The simple way to do it is making sure each exported function is contained in a:
try {
// Do the actual code
} catch (...) {
return ERROR_UNHANDLED_EXCEPTION;
}
Let's say I know one exception that is often missed inside the C++ code is std::bad_alloc and I want to treat it specially I'd write something like this instead:
try {
// Run the actual code
} catch (std::bad_alloc& e) {
return ERROR_BAD_ALLOC;
} catch (...) {
return ERROR_UNHANDLED_EXCEPTION;
}
Is it possible to decompose this in some clever way so that I can globally treat some errors differently without adding a new catch statement for the exception handler around every exported function?
I'm aware of that this is possible to solve using the preprocessor, but before going down that road, I'd make sure there is no other way to do it.
You can use only one handler function for all possible exceptions, and call it from each or your API implementation functions, as below:
int HandleException()
{
try
{
throw;
}
// TODO: add more types of exceptions
catch( std::bad_alloc & )
{
return ERROR_BAD_ALLOC;
}
catch( ... )
{
return ERROR_UNHANDLED_EXCEPTION;
}
}
And in each exported function:
try
{
...
}
catch( ... )
{
return HandleException();
}
There already is a good answer.

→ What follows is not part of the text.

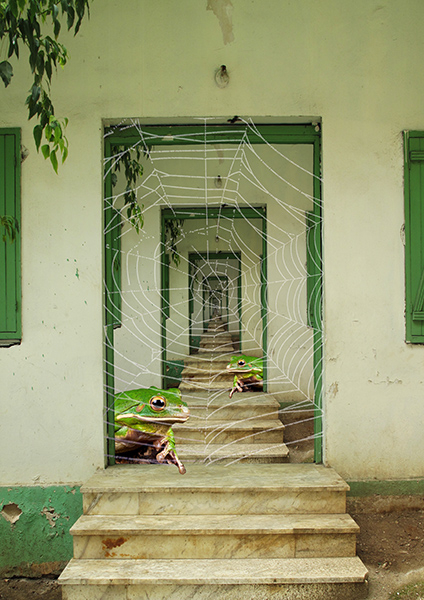 Dim Meat Trees Behind The Green Door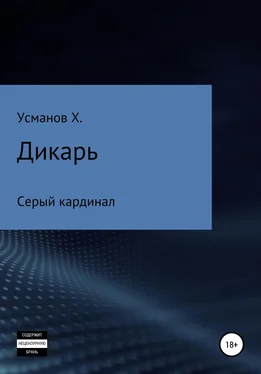 Хайдарали Усманов Дикарь. Часть 11. Серый кардинал обложка книги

But just FYI, its called 'exception-dispatcher' idiom, see C++ FAQ.
What about:
try{
//Your code here
} catch(std::exception e)
{
return translateExceptionToErrorCode(e);
} catch(...)
{
return UNKNOWN_EXCEPTION_THROWN;
}
Jem answer is a little more simpler than this solution. But it is possible to substitute the use of a preprocessor macro with the use of templates. Something like this (more refinements you could made):
template <class T, void (T::*FUNC)()>
class CatchWrapper
{
public:
static void WrapCall(T* instance)
{
try
{
(instance->*FUNC)();
}
catch (std::bad_alloc&)
{
// Do Something 1
}
catch (std::exception& e)
{
// Do Something 2
}
catch (...)
{
// Do Something 3
}
}
};
class Foo
{
public:
void SomeCall()
{
std::cout << "Do Something" << std::endl;
}
};
int main(int argc, char* argv[])
{
Foo i;
CatchWrapper<Foo, &Foo::SomeCall>::WrapCall(&i);
return 0;
}
Do not ever use catch(...), unless you plan on more or less immediately re-throwing. You will certainly lost any error information you might have had to help you figure out the cause of the error.
I like your second scheme a little better - catch a known set of exceptions, ideally because they are the only ones your code will throw, and let the rest through - allowing the app to crash is possibly the best thing to do since you have invoked unknown behaviour it is best to "crash responsibly".
It would be a shame to loose error information at the language boundary. You really should try to translate all exceptions into an error code usable from C.
How you do it really depends on what your exception classes look like. If you control your exception class hierarchy, you can ensure that each class provides a translation using a virtual method. If not, you may still find it practical to use a translator function and test the types of the 'std::exception'-derived exception it receives to translate it into an error code, much like Jem suggested (remember: thrown exceptions will hurt performance anyway, so don't worry about the translation being slow).